*Records for the exercise*.

((

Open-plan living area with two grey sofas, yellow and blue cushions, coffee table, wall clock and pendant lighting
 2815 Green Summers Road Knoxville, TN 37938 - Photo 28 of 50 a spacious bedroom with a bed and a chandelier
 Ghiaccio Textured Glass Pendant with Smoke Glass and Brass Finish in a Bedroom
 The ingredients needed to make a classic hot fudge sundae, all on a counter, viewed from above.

))
((

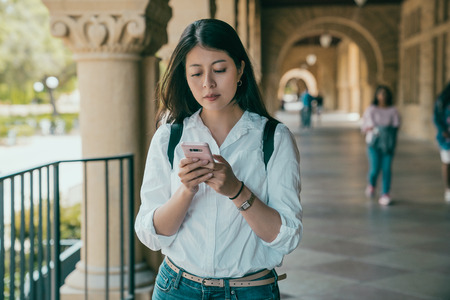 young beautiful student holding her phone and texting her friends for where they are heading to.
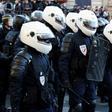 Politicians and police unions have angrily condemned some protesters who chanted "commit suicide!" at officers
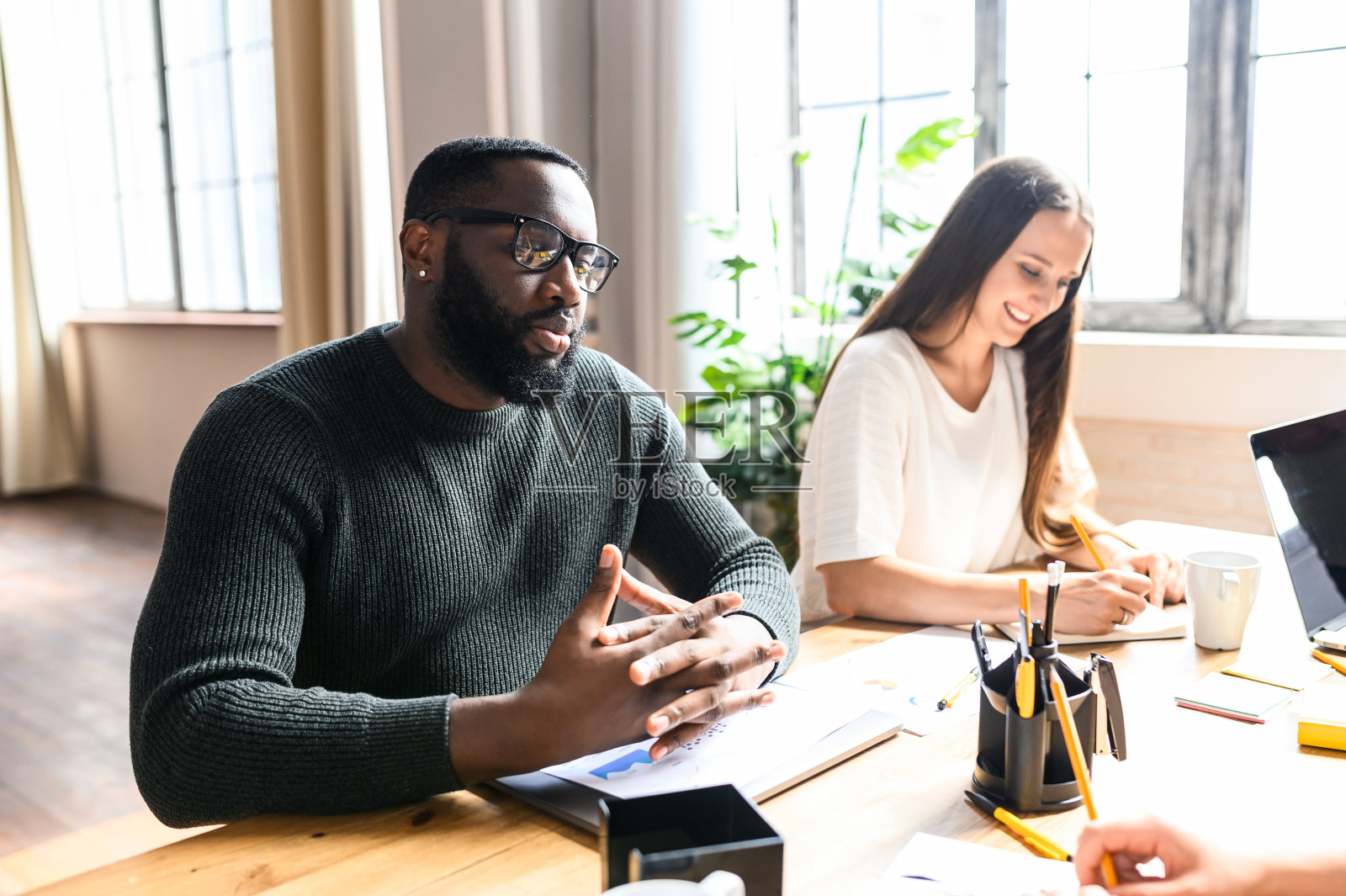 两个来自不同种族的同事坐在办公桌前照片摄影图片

))

*Task directions*. Please repeat the lines of the material above exactly, starting with the line that contains "Politicians and police" and ending with the line that contains "两个来自不同种族的同事坐在办公桌前照片摄影图片". Leave the pictures out.

*Output for this task*.
 Politicians and police unions have angrily condemned some protesters who chanted "commit suicide!" at officers
 两个来自不同种族的同事坐在办公桌前照片摄影图片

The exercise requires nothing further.